Figure Skating and Masculinity
Photo Source: MaxPixel
The first time I stepped on the ice to skate, I ended up breaking my glasses and giving myself a bloody nose. As I nursed myself on the sidelines, I wondered why anyone would willingly subject themselves to a sport like this. Despite this bout five years later, I watched, with bated breath, the Men’s Figure Skating Championship, in-person, enthralled, and empowered.
In 2014, I was diagnosed with Generalized Anxiety Disorder, or GAD. Simply put, that means my brain makes thoughts happen at such a rate that it sends me into a panic at times. Going into a new phase of my life having just been given the label of having a mental disorder was not very reassuring, and I found myself a bit wayward. I knew there was something “wrong” with me, but not how to deal with it. After a particularly rough day, I somehow found myself on YouTube, and queued up was a video of the Sochi Olympics about some Figure Skater from Japan. I had never had any sort of connection to the Olympics, or Figure Skating for that matter, so my instinct was to click away. But I didn’t. There must have been something kismet about it, as for some reason I choose to let whatever algorithm that decided I would enjoy this take the reins.
I watched Yuzuru Hanyu, dressed in a flowing white costume, glide across the ice to Nino Rota’s Romeo and Juliet. Each step across the ice formed a story, and each jump punctuated it. Having no knowledge of the sport, I had no idea what was difficult or what was impressive, yet I couldn’t help but feel some sense of security in it. Here was a man, in front of thousands of people, being a fully genuine and honest version of himself. Something about that sparked something in me, be it the passion I could sense, or the raw honesty he managed to convey. It inspired me.

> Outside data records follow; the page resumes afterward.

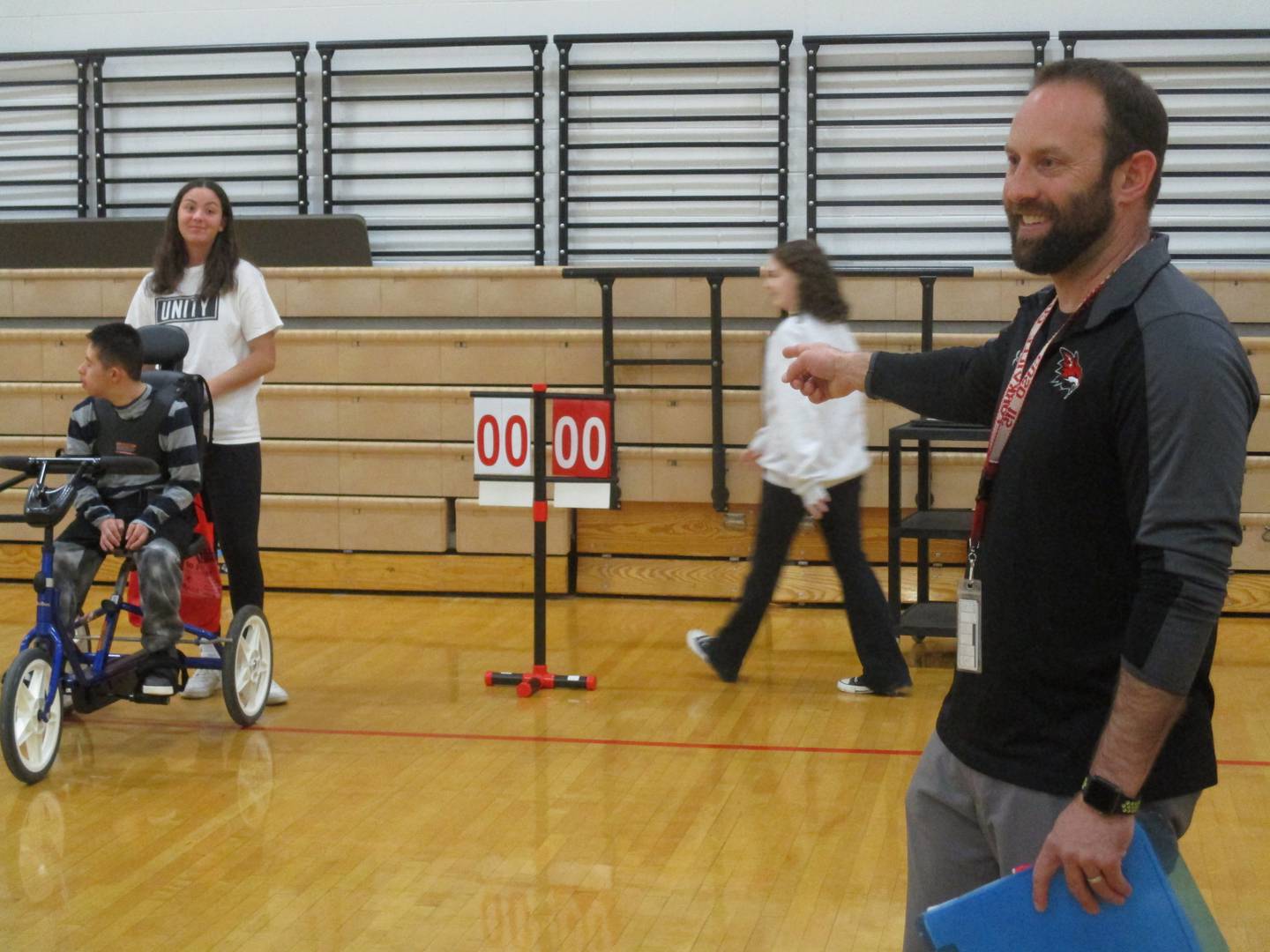 Yorkville High School physical education teacher John Ernser offers encouragement in his adapted PE course for students with disabilities.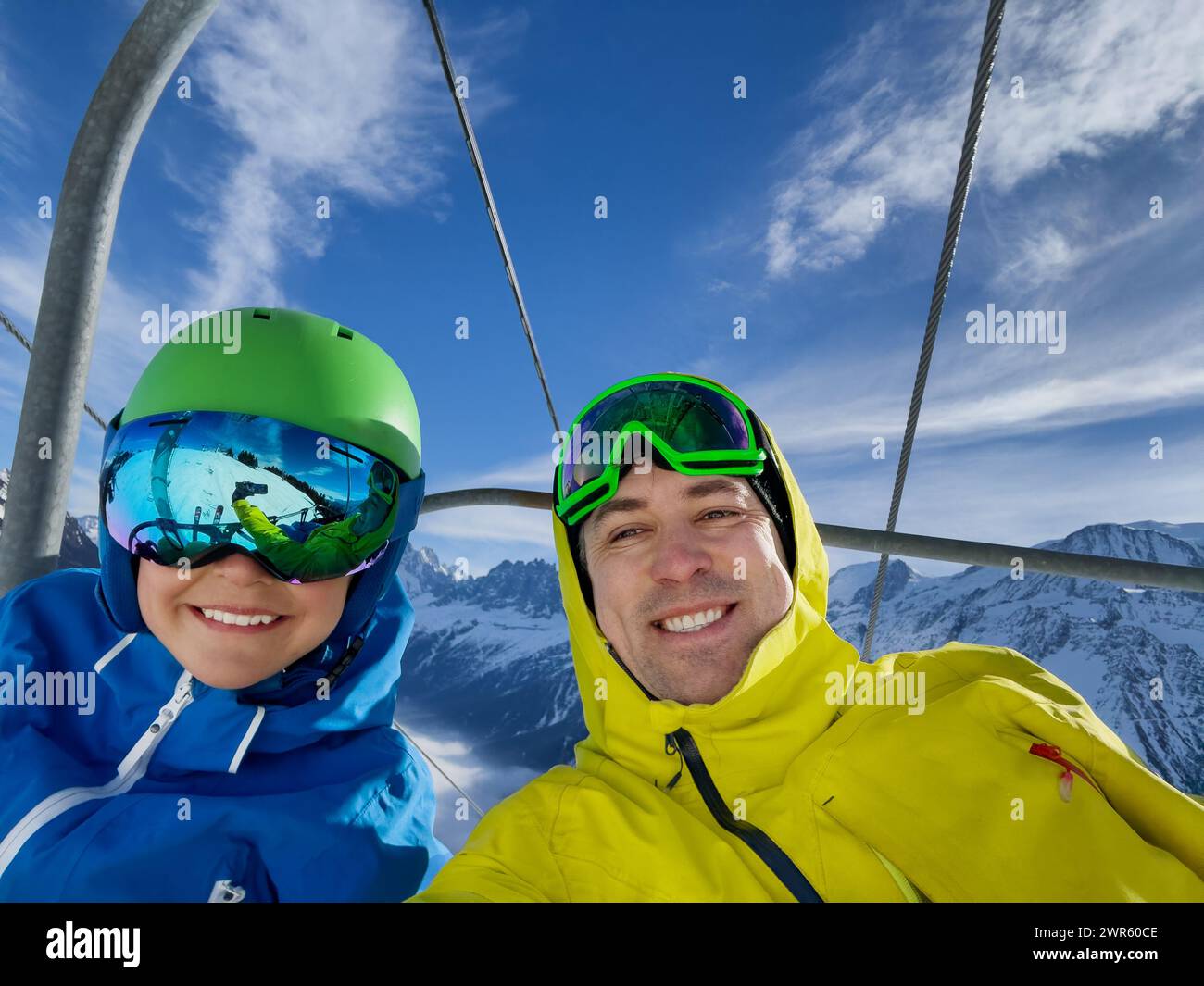 Un paio di sciatori felici adulti e un bambino, indossando giacche da sci luminose, occhiali di protezione, catturano un momento allegro su uno skilift con le bianche vette alle spalle Foto Stock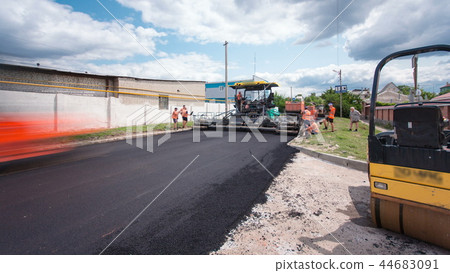 A paver finisher, asphalt finisher or paving machine placing a layer of asphalt during a repaving construction project timelapse A paver finisher, asphalt finisher or paving machine placing a layer of asphalt during a repaving construction project timelapse 44683091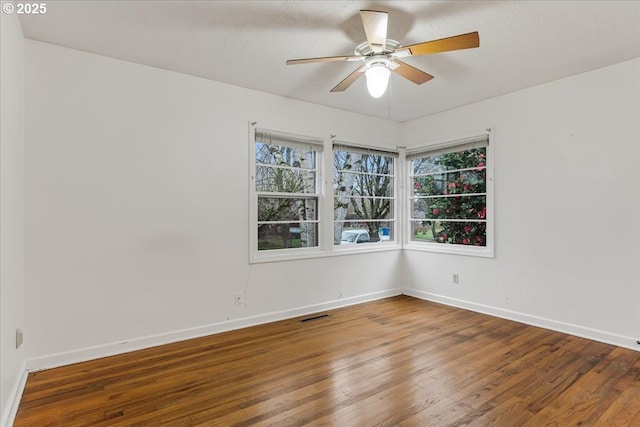 unfurnished room featuring visible vents, baseboards, and wood finished floors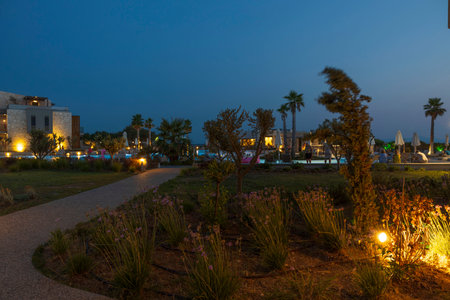 Beautiful night view of hotel area with tourists against backdrop of an outdoor pool. Greece. Nea Potidaea. 07.09.2021.のeditorial素材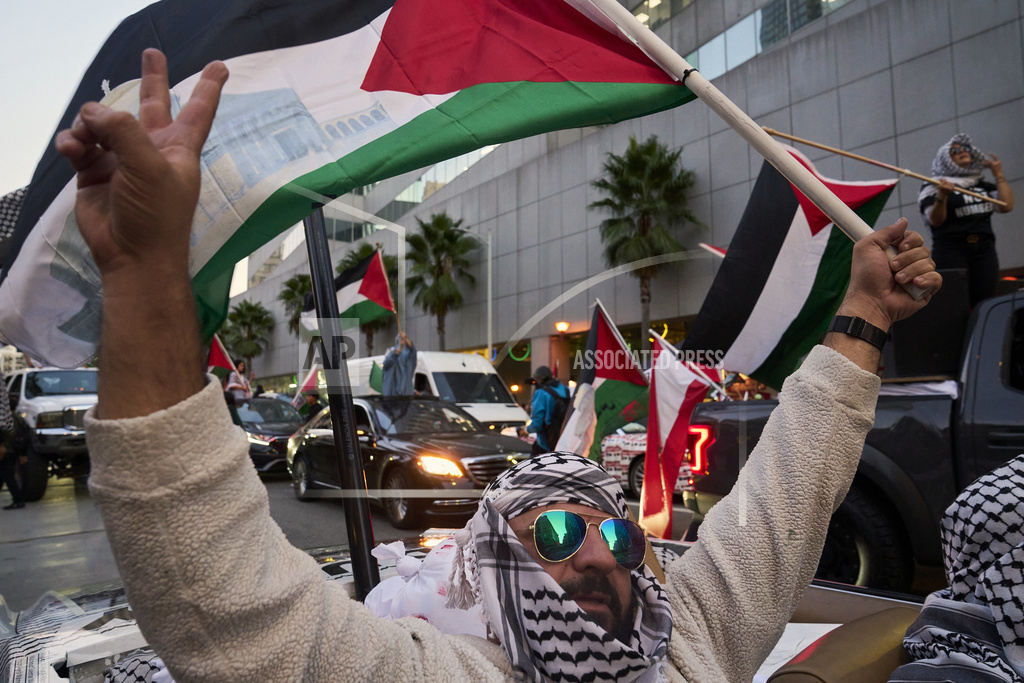 Demonstrators wave Palestinian flags from atop cars during a rally in downtown Los Angeles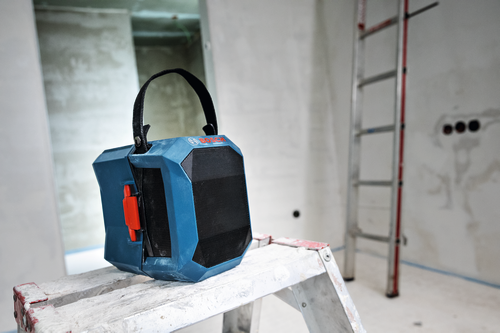 Image of Bosch GPB18V-1CN 18V Jobsite Bluetooth® Speaker on top of a ladder, in the middle of a room under renovation.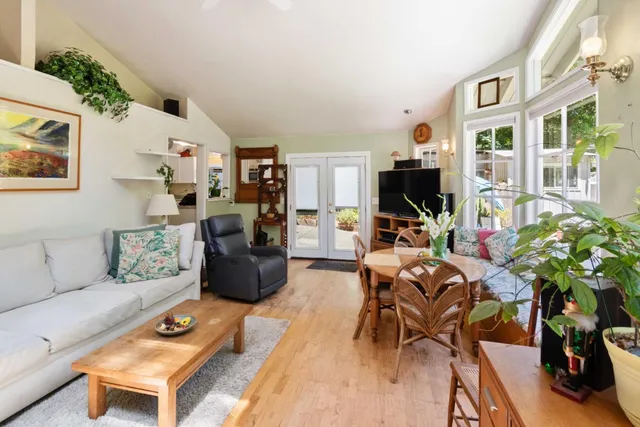 a living room with furniture a flat screen tv and a table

I fell down a rabbit hole over the course of that night, and the following days, of the world of Men’s Figure Skating. I still had no idea about the intricacies of finer points of the sport, so each new skater that I watched was wildly impressive. After getting deeper and deeper into the sport, I began to learn the backstories of this skaters, like Javier Fernandez, hailing from Spain, who aimed to take the first Spanish Figure Skating Olympic Medal, or Nathan Chen, who at the time was still a high school student like myself. Each exuded a confidence that I envied and wanted to attempt to replicate. One of my biggest struggles with my anxiety was, and still is, the concept of masculinity. I had never fell into the cultural idea of the “ideal man,” and had felt myself isolated or like I couldn’t fit in. Being my genuine self felt like I was placing a target on my back, as every image on men I saw in my own life and the culture at large was this masculine picture that I felt that I, by extension, must fall into or be shunned.
Yet these men showed me the exact contrary, that you can stand in a stadium in flamboyant, androgynous clothing, and dance on the ice with style and grace and be applauded, exalted even, by the world. I started to realize that maybe I could be the same. Sure, maybe I’ll never wear a mesh sequin shirt and do a Triple Salchow in front of an audience of fans, as much as I’d love to. However, maybe I could do something like that in my day-to-day life. Figure Skating became something that showed me that I wasn’t a failure or faulty by being who I am. It became a tool to empower myself. If you had told a younger version of myself that a sport would become their anxiety security blanket, I’d probably laugh it off. But the connection I formed with skating didn’t simply shape me into who I am today, it allowed me to accept who I was in the first place.